TL;DR I built a heroku web app to solve the subset sum problem.
Intro
So my wife is an accountant and we were wondering if a subset sum algorithm would help finding suspicious ledger accounts in the trial balance. Our reasoning for using a subset sum algorithm is that given a known dollar number of credit/debit difference (sum) and a list of debit/credit values, the algorithm should be able to find some combination that make up the given (sum).
Algorithm
The standard algorithm to solve a subset-sum problem is a dynamic programming
Implementation
The web app uses Flask as an framework, which is extremely simple, lightweight and written in python.
The python implementation of subset sum algorithm is adopted from stackoverflow.
To speed up the dynamic programming algorithm, I used cython to optimized a the code, a benchmark test can be found here.
Deployment
The flask app is hosted by Heroku. The deployment is well documented on the website, codes can be push to heroku using heroku cli and git. I followed this guide.
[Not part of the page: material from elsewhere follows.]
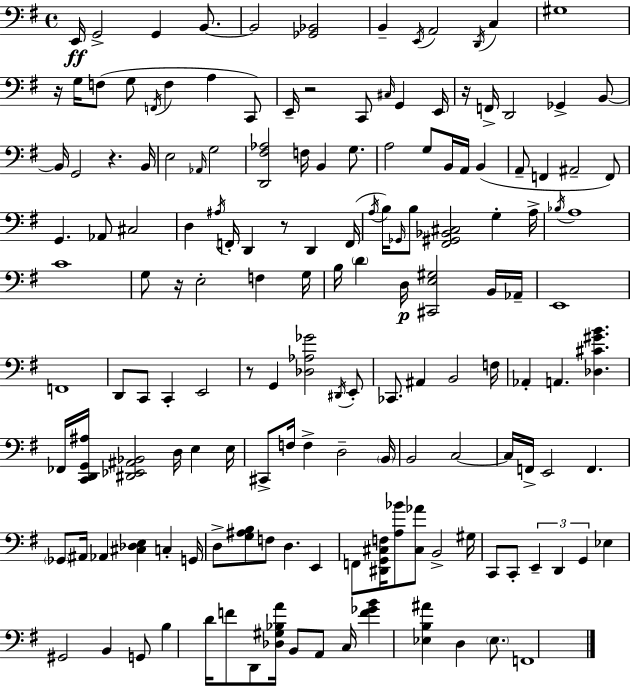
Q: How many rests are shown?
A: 7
Basically, after heroku cli is installed, do:
- login, so you can access your data via cli
heroku login
- create the app, some flask-specific requirments
- All javascripts and css files should go to a folder called static,
- I put the whole bootstraip library into this folder
- All html templates should go to a folder called templates
- All javascripts and css files should go to a folder called static,
mkdir ~/subset_sum
cd ~/subset_sum
mkdir src src/templates src/static
# make some codes...
git init
- Create a fresh new env, and install required packages
conda create -n subset_sum python=3.6 \
cython flask
- Create
requirement.txt
so heroku knows what to install
pip freeze > requirements.txt
- Commit all codes
git add .
git commit -m 'initialize web app'
- Adding heroku git repo as an remote repo
heroku create subset-solver
- Push the code to heroku
git push heroku master
-
And now you can see if the webapp is live (hint: it's not, because heroku won't know how to do/need to do
flask run
to run the webapp) -
To tell heroku how to start the app
echo 'web: gunicorn app:app' > Procfile
git add Procfile
git commit -m "Added Procfile and runtime.txt files"
git push heroku master
- Open the webapp and see if it is what it should look like
heroku open
- This should work if cython is not being used, because heroku doesn't compile cython code by default.. The installation of gcc was done following a post on stackoverflow.
- Now, we need to do:
heroku update beta heroku plugins:install @heroku-cli/plugin-manifest heroku manifest:create
- This will create a
heroku.yml
file, so now you can delete theProcfile
- Modify the
heroku.yaml
into:
setup: config: {} build: languages: - python packages: - build-essential run: web: 'gunicorn app.app:app'
- And finally:
heroku stack:set container git add heroku.yaml git commit -am 'added heroky.yml' git push heroku master
+++
Code availability
The code for building the website is deposited on github.